Autoritarismo de confronto, assenta em sete personalidades, núcleo de poder para decidir da guerra ou da paz, a saber: quatro ex-agentes do antigo KGB (Comité de Segurança do Estado), um militar, um diplomata e um arcebispo, que dão pelos nomes de Vladimir Putin (69 anos, jurista e presidente da Federação da Rússia), Nikolai Patrushev (70 anos, secretário do Conselho de Segurança da Federação da Rússia), Alexander Bornikov (71 anos, diretor do FSB, Serviço Federal de Segurança, organização que sucedeu ao KGB), Sergei Narishkin (67 anos, diretor do Serviço de Inteligência Externo, SVR), Sergei Shoigu (66 anos, general e ministro da Defesa), Sergei Lavrov (71 anos, diplomata e ministro das Relações Exteriores) e, por fim, Kirill I (75 anos, Patriarca de Moscovo e de toda Rússia, e primaz da Igreja Ortodoxa Russa).

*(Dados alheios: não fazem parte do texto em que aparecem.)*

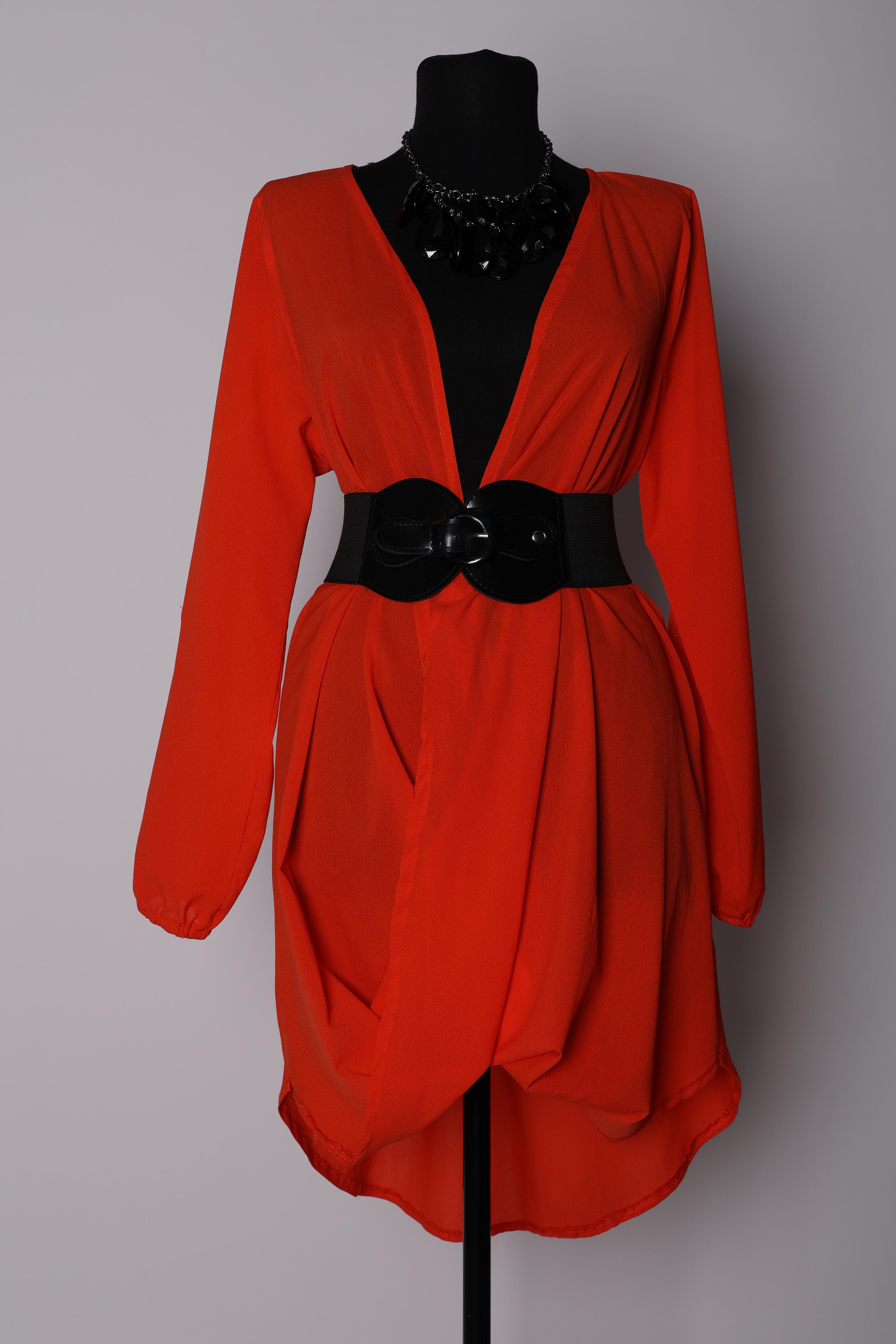 Карнавальные костюмы, вечерние и свадебные платья аренда посуточно, прокат в Жуковском. Фотограф для маркетплейсов, фотоуслуги в Жуковском Татьяна Марсуверских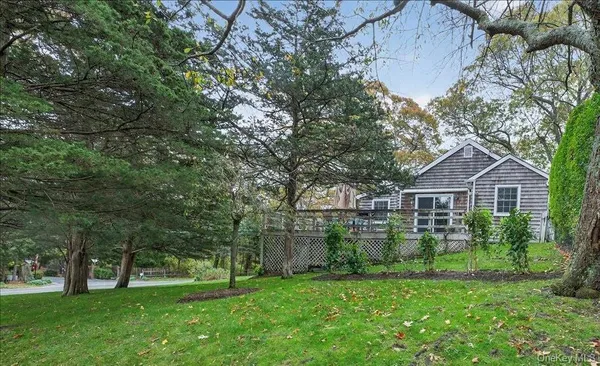 $1,000,000 | 3748 Noyack Road, Sag Harbor, NY 11963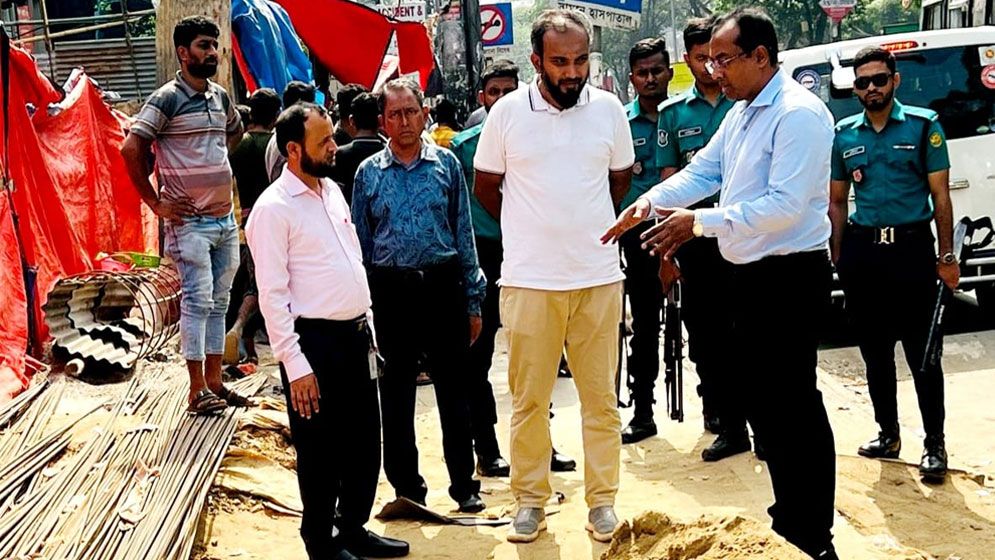 ঢাকার ধানমন্ডি ও বাড্ডায় বায়ুদূষণ রোধে মোবাইল কোর্ট, ৪৫ হাজার টাকা জরিমানা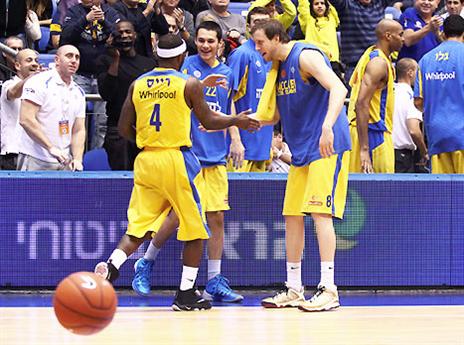 רייס, סל גדול עם הבאזר לסיום הרבע הראשון (אלן שיבר)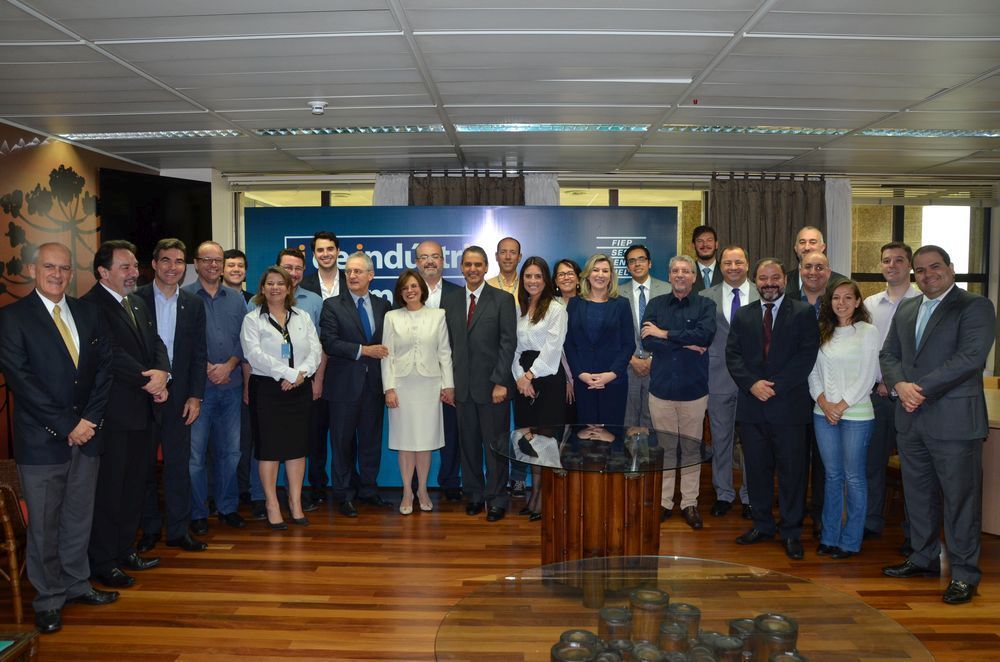 O grupo que participou do café da manhã que marcou o anúncio do novo plano de negócios da CarobHouse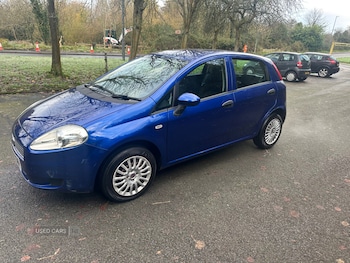 Used Fiat Grande Punto 2009 for sale - 76729607: Photo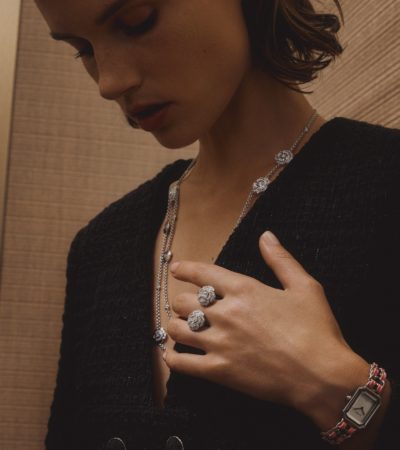 Pubblichiamo la nuova campagna digitale di Chanel “OVER THE MOON”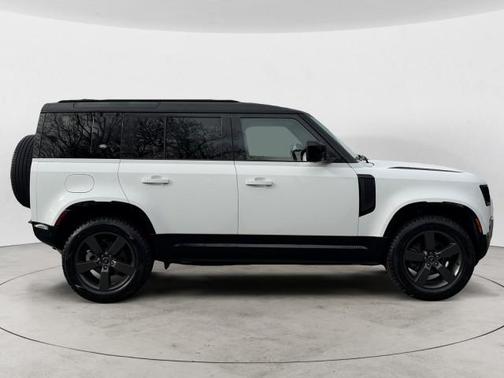 2023 Land Rover Defender 110 S
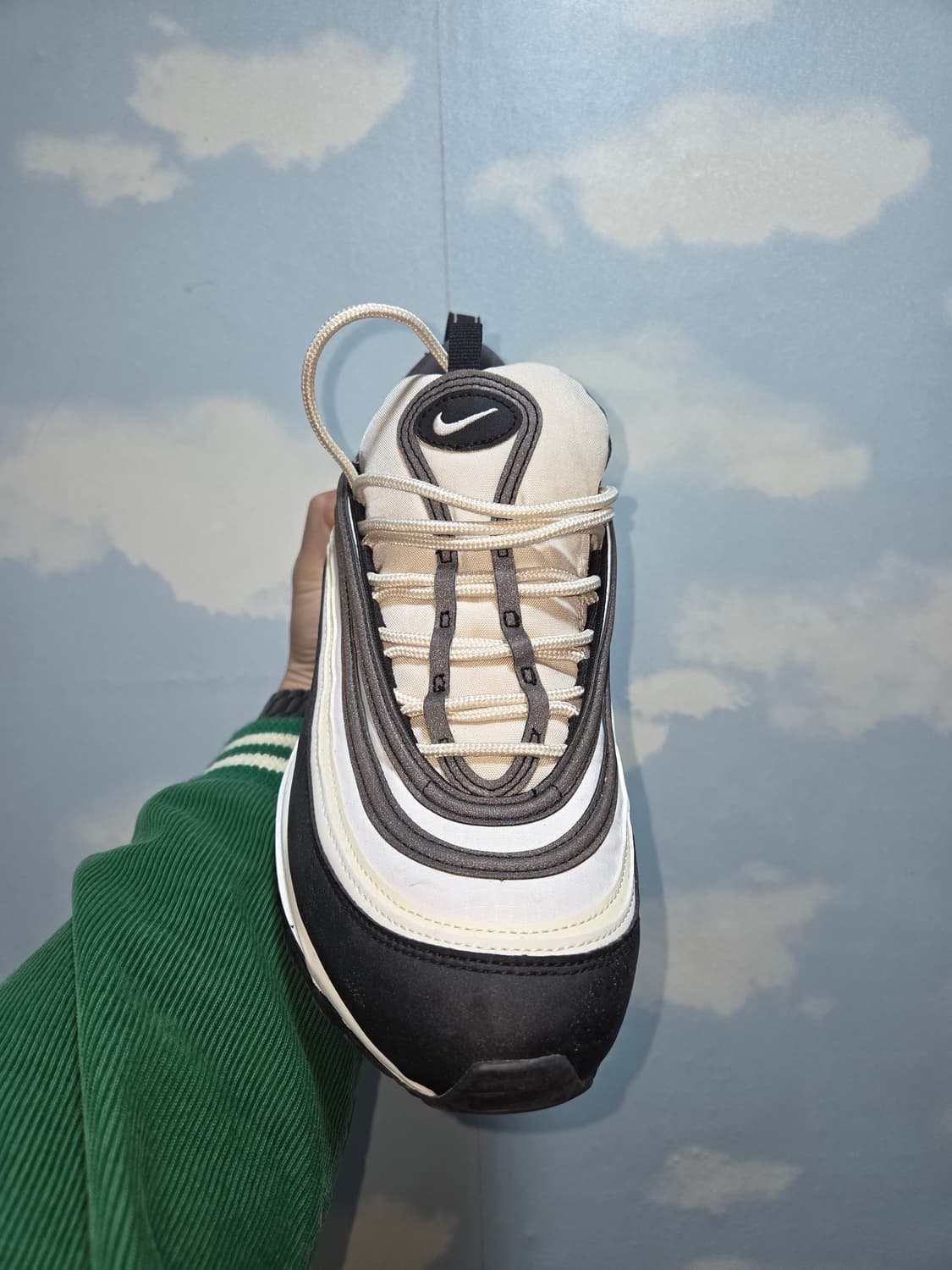 나이키 에어맥스 97 블랙 팬텀 코코넛 밀크 상품이미지7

Personagens, verdadeiras ou de ficção, vinculadas a interesses puramente pessoais ou a interesses que de algum modo as influenciaram, traçam sempre o seu próprio destino, determinam sempre a sua decisão final. Não lhes interessa o mundo que os outros vêem – e que desprezam com todas as suas forças – mas, sim, o mundo que elas vêem, o qual é eternamente guiado por Deus e pela pátria, a Ma Rus (Mãe Rússia).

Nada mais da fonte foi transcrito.